++++ DATA EXCERPT ++++
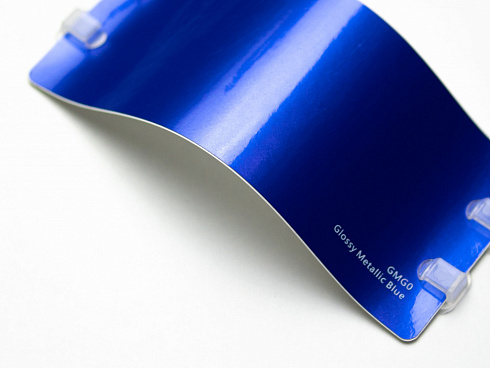 Виниловая плёнка Glossy Metallic Blue (синий), глянцевая, GMG0, 1,52×17,5 м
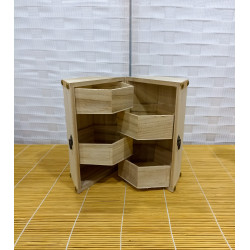 Caja de madera 4 cajones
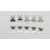 Alps SKCM Black Switch Contact Leaf OEM Replacement Lot of 10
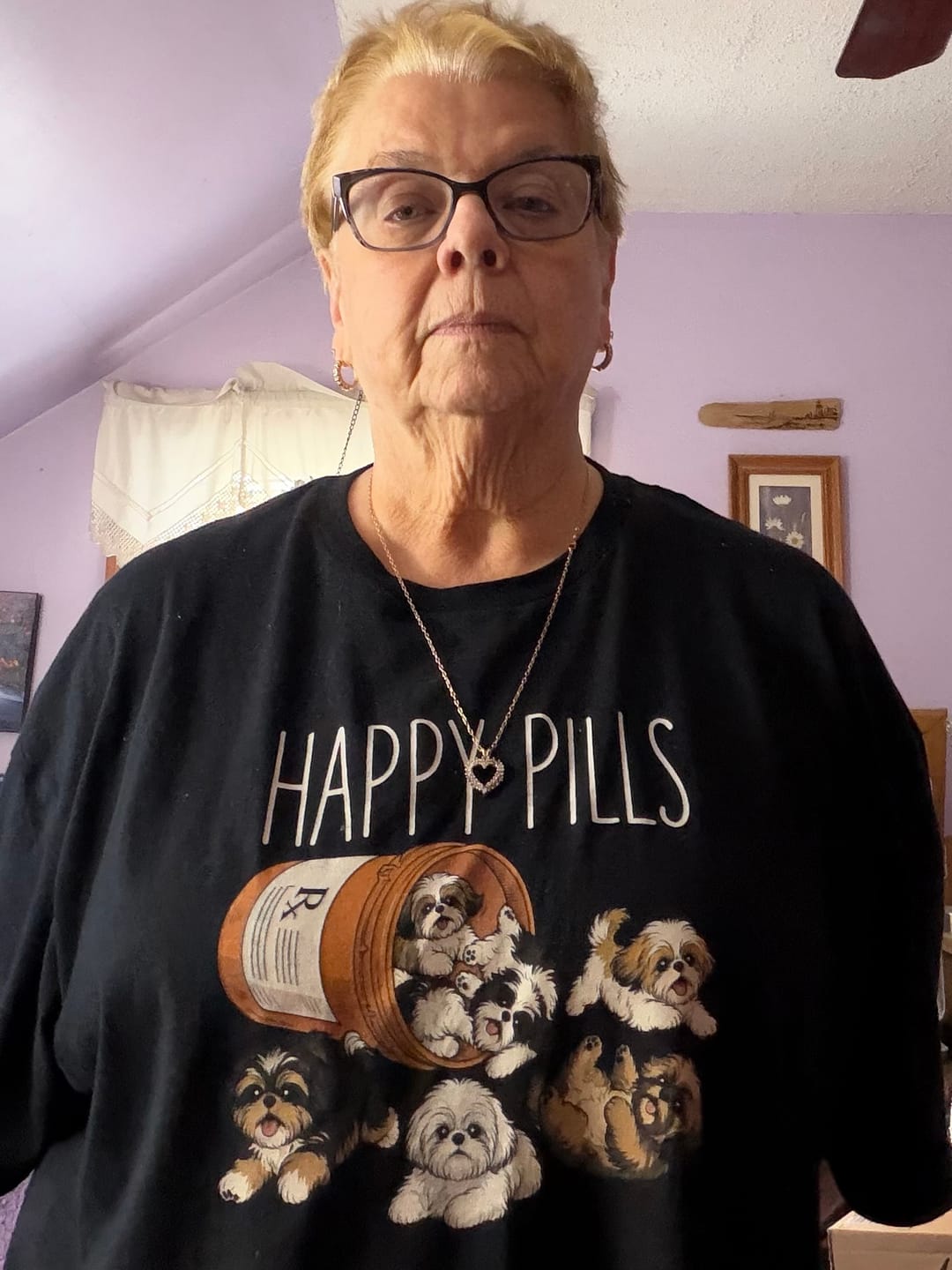 Customer photo review of Happy Pills Shih Tzu Shirt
++++
§ **WHAT THIS TASK INVOLVES**:
Please output all of the data exactly as given, omitting any images it holds.

§ **EXERCISE SOLUTION**:
 Виниловая плёнка Glossy Metallic Blue (синий), глянцевая, GMG0, 1,52×17,5 м
 Caja de madera 4 cajones
 Alps SKCM Black Switch Contact Leaf OEM Replacement Lot of 10
 Customer photo review of Happy Pills Shih Tzu Shirt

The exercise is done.